BRIEF >> Write out all of the entries that follow, word for word, but skip the pictures.

<<<<

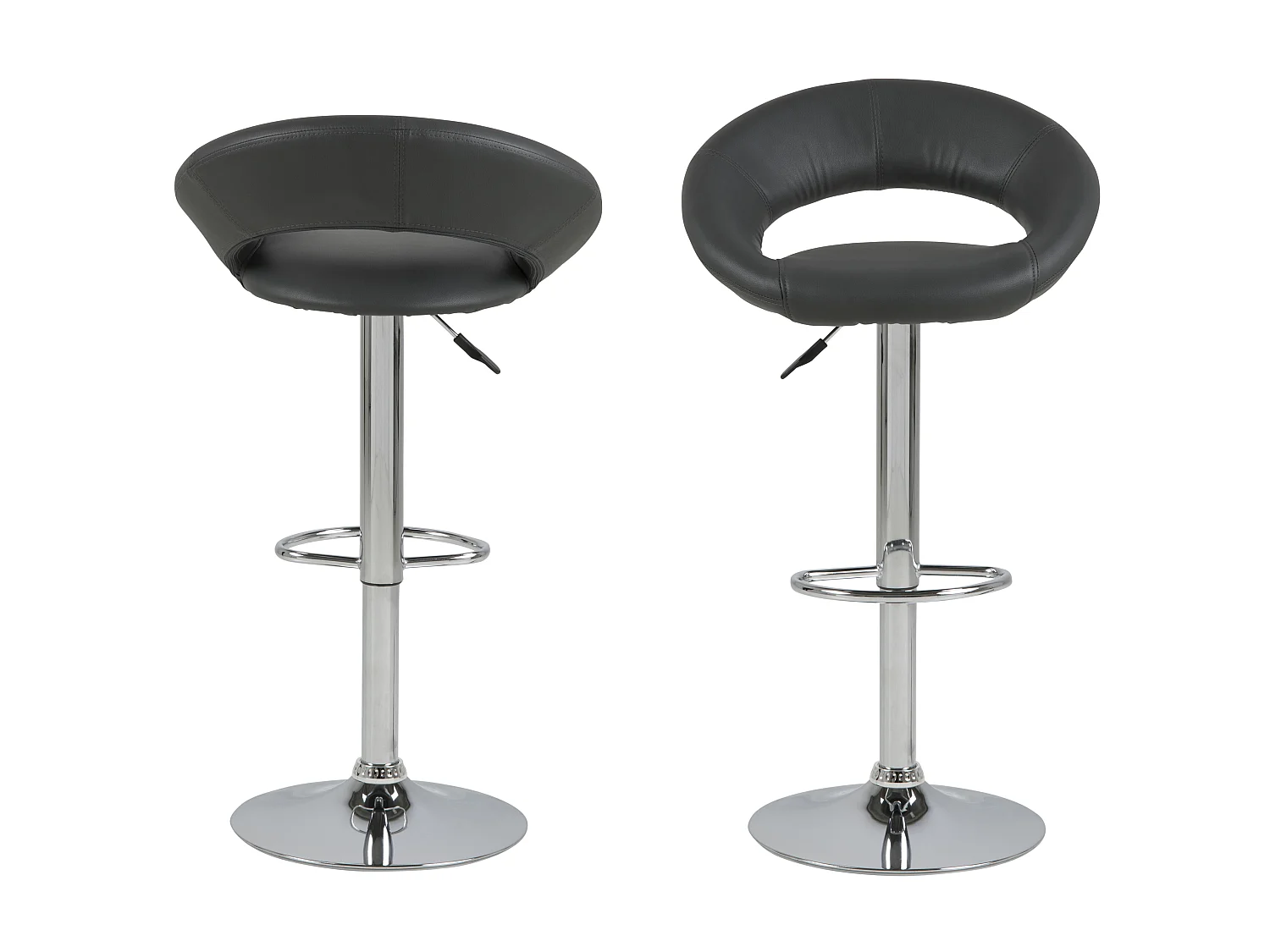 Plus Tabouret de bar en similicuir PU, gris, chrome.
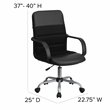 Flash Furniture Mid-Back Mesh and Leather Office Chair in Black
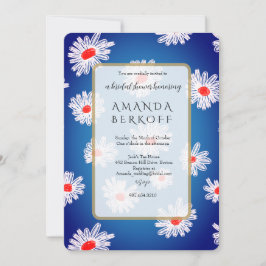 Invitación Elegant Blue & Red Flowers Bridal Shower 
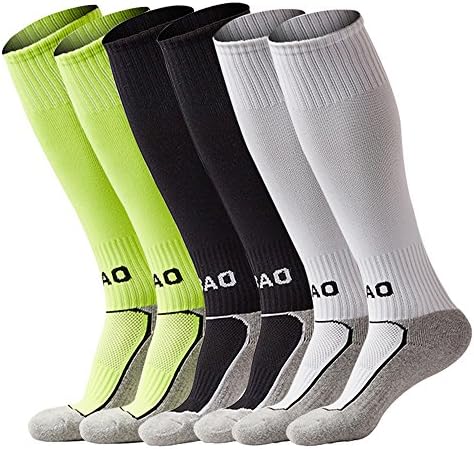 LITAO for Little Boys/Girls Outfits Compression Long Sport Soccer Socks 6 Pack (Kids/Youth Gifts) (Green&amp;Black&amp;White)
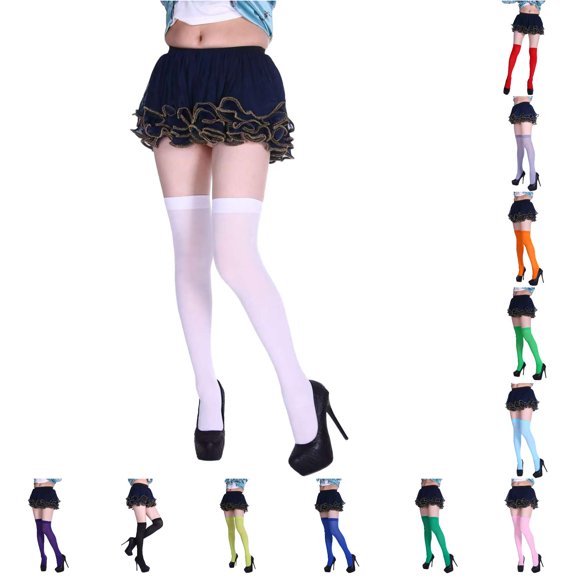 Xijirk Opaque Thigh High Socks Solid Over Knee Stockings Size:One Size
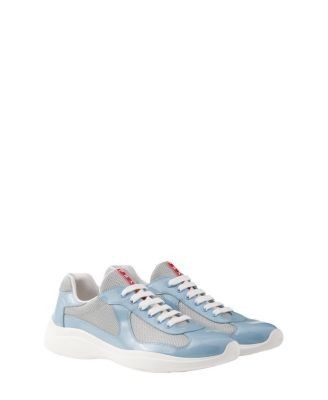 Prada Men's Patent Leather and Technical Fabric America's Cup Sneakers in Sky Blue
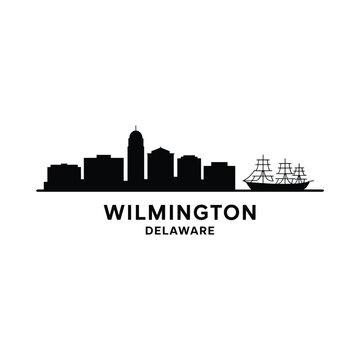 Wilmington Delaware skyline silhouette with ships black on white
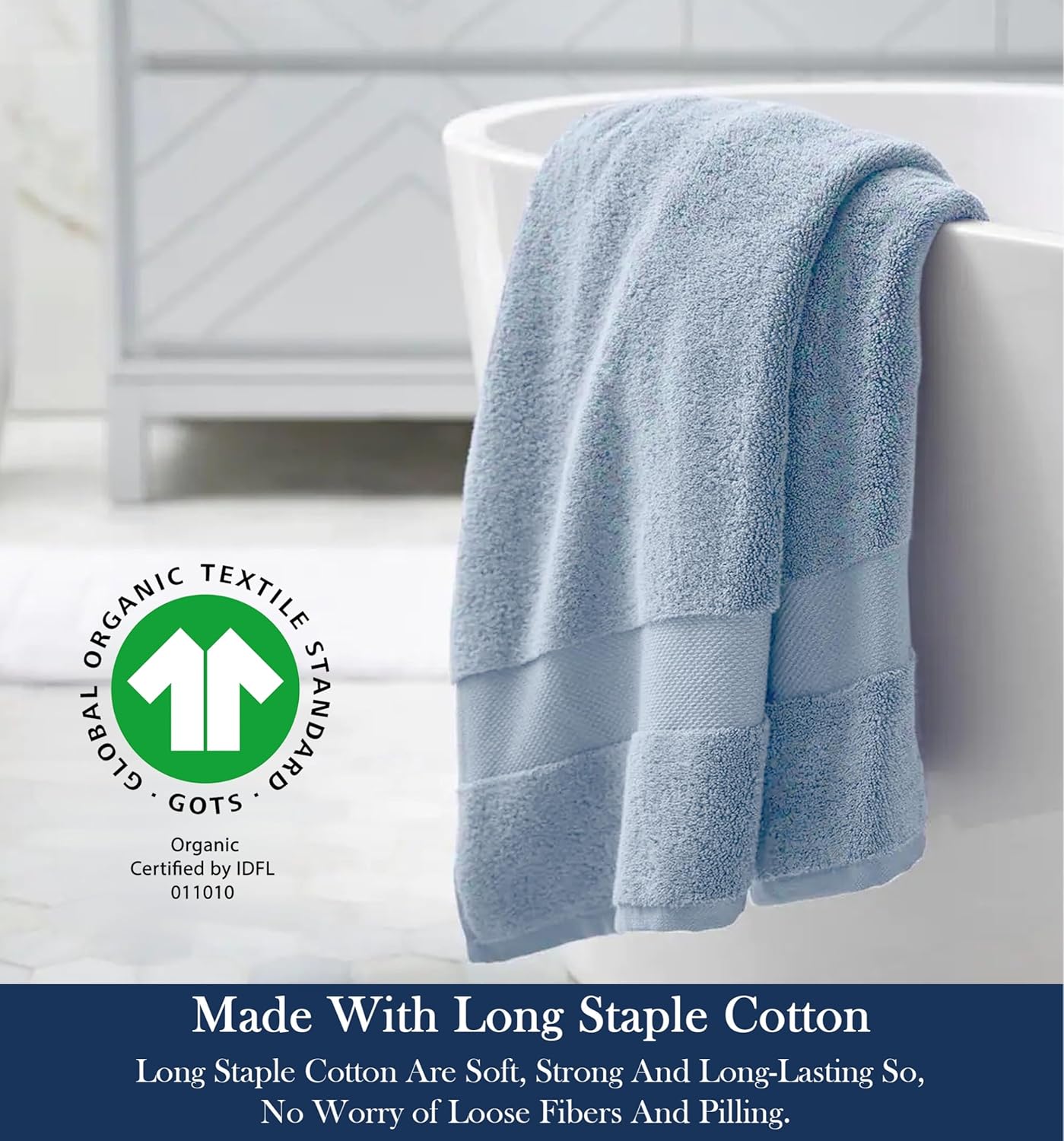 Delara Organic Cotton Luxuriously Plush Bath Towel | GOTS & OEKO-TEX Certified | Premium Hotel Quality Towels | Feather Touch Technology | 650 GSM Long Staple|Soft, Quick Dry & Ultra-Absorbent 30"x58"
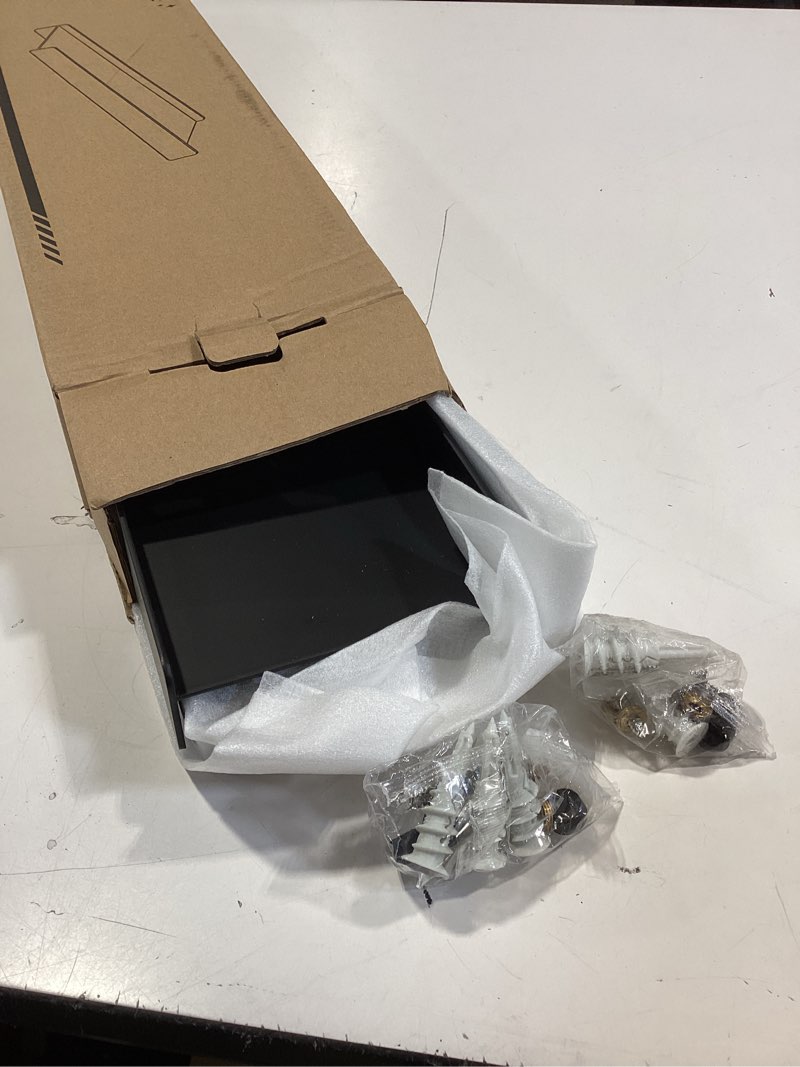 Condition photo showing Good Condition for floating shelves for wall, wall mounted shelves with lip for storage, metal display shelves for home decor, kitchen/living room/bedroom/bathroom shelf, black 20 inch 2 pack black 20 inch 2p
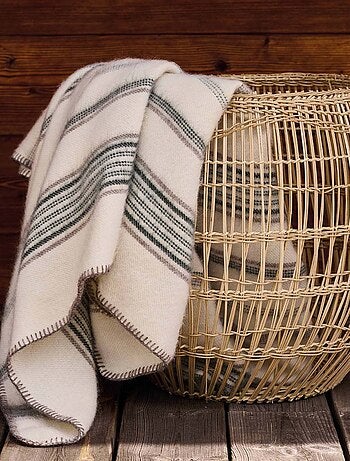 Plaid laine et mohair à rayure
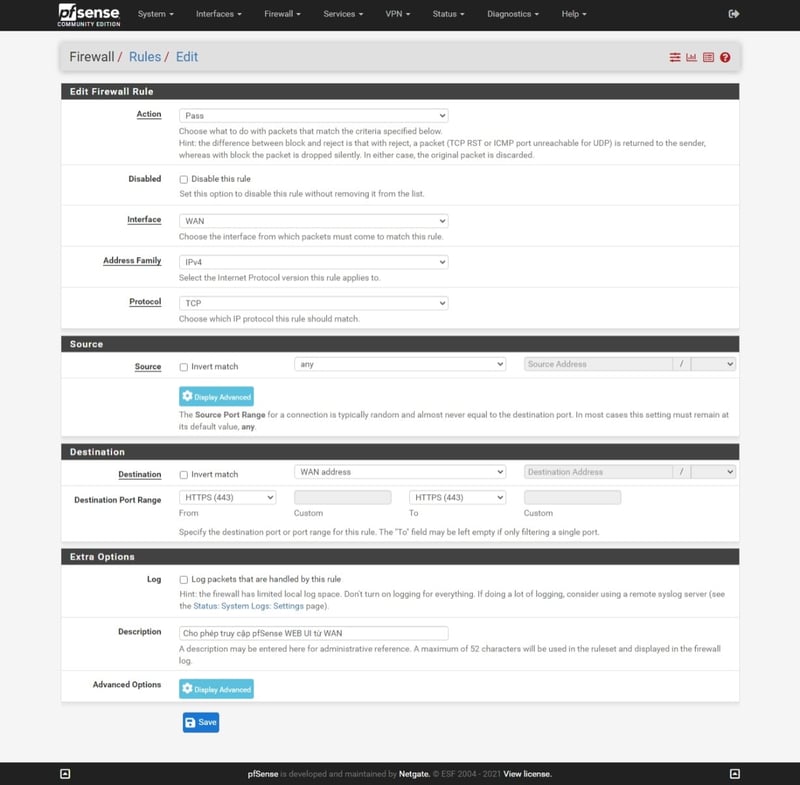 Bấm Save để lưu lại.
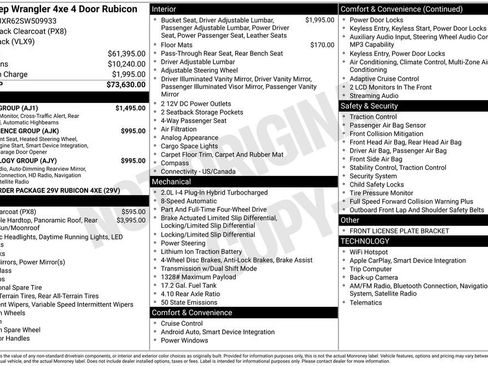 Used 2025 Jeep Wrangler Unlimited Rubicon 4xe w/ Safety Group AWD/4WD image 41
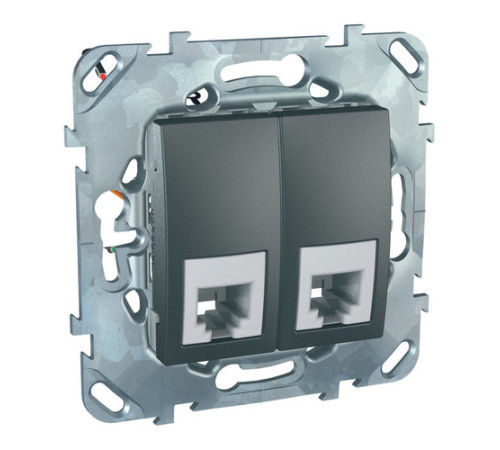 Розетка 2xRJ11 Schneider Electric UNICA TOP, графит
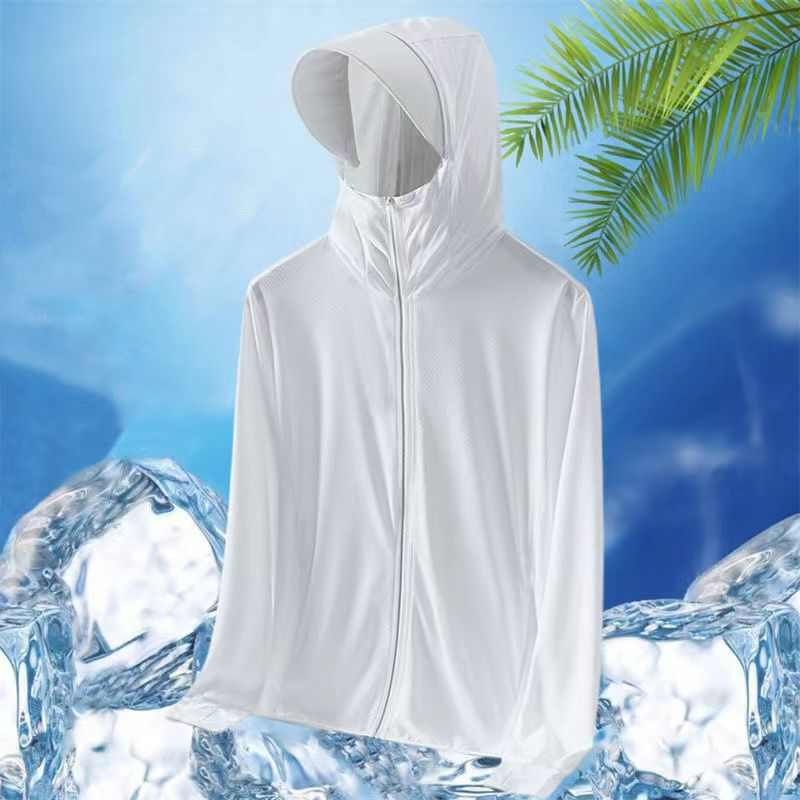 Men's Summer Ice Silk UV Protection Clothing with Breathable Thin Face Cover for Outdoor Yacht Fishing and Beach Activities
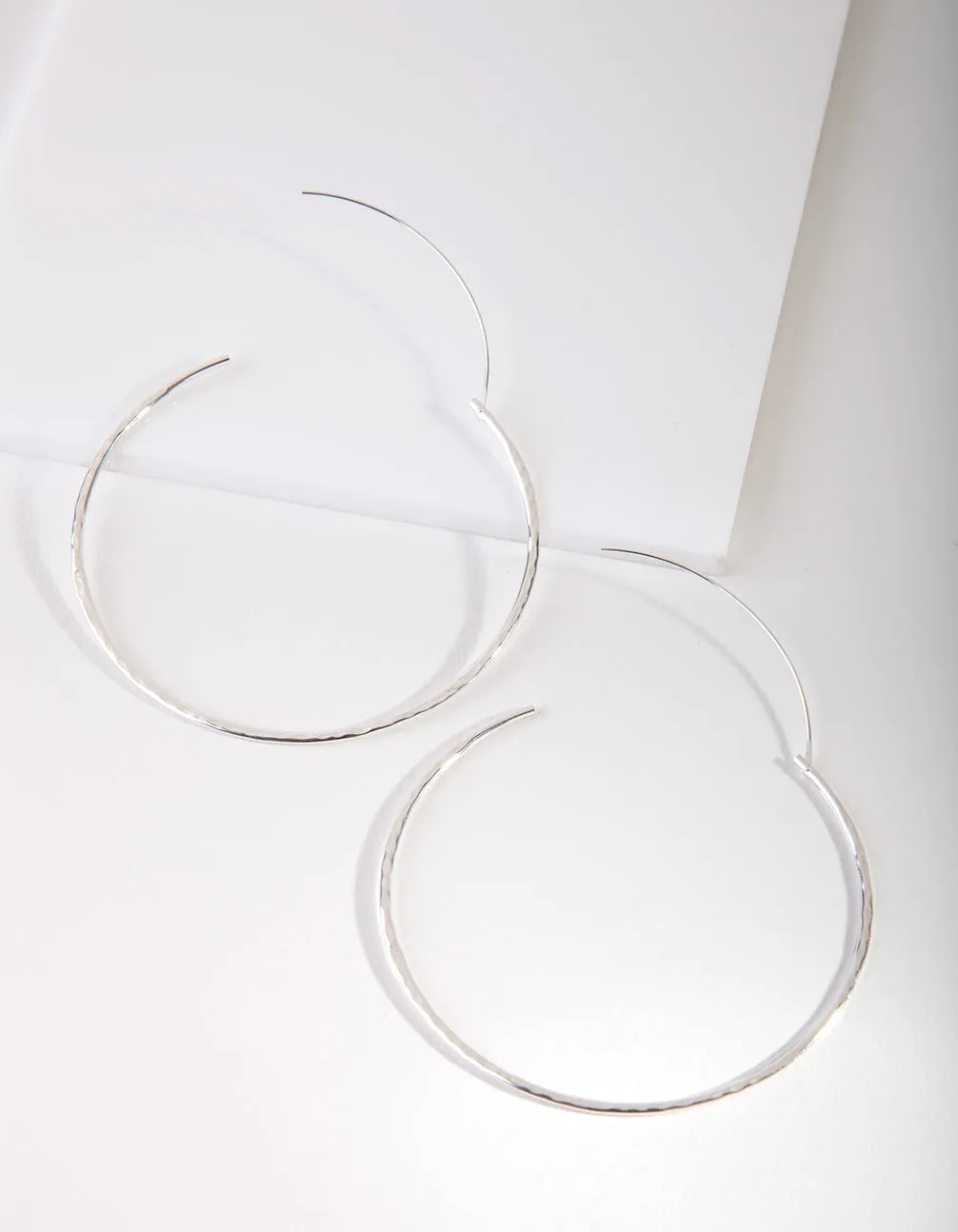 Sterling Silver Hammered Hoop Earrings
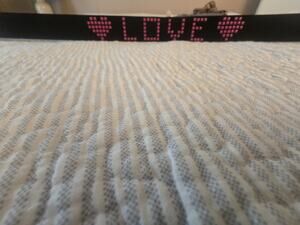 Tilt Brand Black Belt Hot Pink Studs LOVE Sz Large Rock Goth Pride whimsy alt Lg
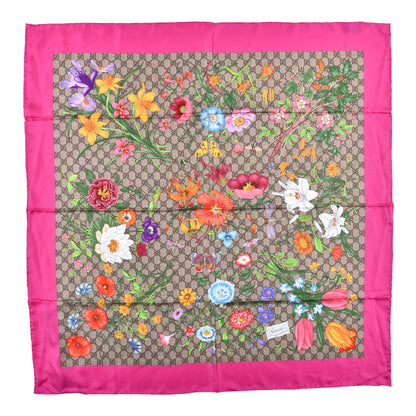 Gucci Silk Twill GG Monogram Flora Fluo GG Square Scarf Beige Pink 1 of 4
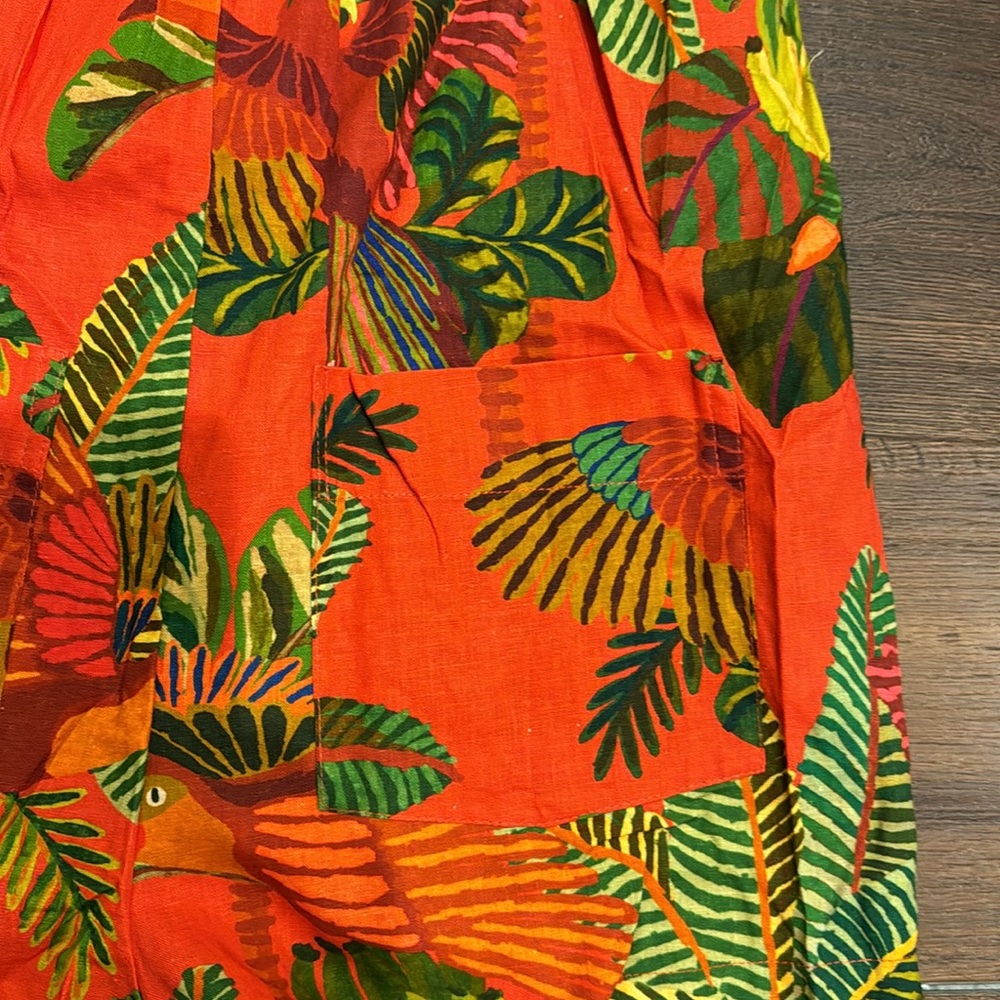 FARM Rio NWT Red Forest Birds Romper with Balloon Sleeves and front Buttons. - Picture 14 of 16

>>>>

WRITTEN RESPONSE >>
 Plus Tabouret de bar en similicuir PU, gris, chrome.
 Flash Furniture Mid-Back Mesh and Leather Office Chair in Black
 Invitación Elegant Blue & Red Flowers Bridal Shower 
 LITAO for Little Boys/Girls Outfits Compression Long Sport Soccer Socks 6 Pack (Kids/Youth Gifts) (Green&amp;Black&amp;White)
 Xijirk Opaque Thigh High Socks Solid Over Knee Stockings Size:One Size
 Prada Men's Patent Leather and Technical Fabric America's Cup Sneakers in Sky Blue
 Wilmington Delaware skyline silhouette with ships black on white
 Delara Organic Cotton Luxuriously Plush Bath Towel | GOTS & OEKO-TEX Certified | Premium Hotel Quality Towels | Feather Touch Technology | 650 GSM Long Staple|Soft, Quick Dry & Ultra-Absorbent 30"x58"
 Condition photo showing Good Condition for floating shelves for wall, wall mounted shelves with lip for storage, metal display shelves for home decor, kitchen/living room/bedroom/bathroom shelf, black 20 inch 2 pack black 20 inch 2p
 Plaid laine et mohair à rayure
 Bấm Save để lưu lại.
 Used 2025 Jeep Wrangler Unlimited Rubicon 4xe w/ Safety Group AWD/4WD image 41
 Розетка 2xRJ11 Schneider Electric UNICA TOP, графит
 Men's Summer Ice Silk UV Protection Clothing with Breathable Thin Face Cover for Outdoor Yacht Fishing and Beach Activities
 Sterling Silver Hammered Hoop Earrings
 Tilt Brand Black Belt Hot Pink Studs LOVE Sz Large Rock Goth Pride whimsy alt Lg
 Gucci Silk Twill GG Monogram Flora Fluo GG Square Scarf Beige Pink 1 of 4
 FARM Rio NWT Red Forest Birds Romper with Balloon Sleeves and front Buttons. - Picture 14 of 16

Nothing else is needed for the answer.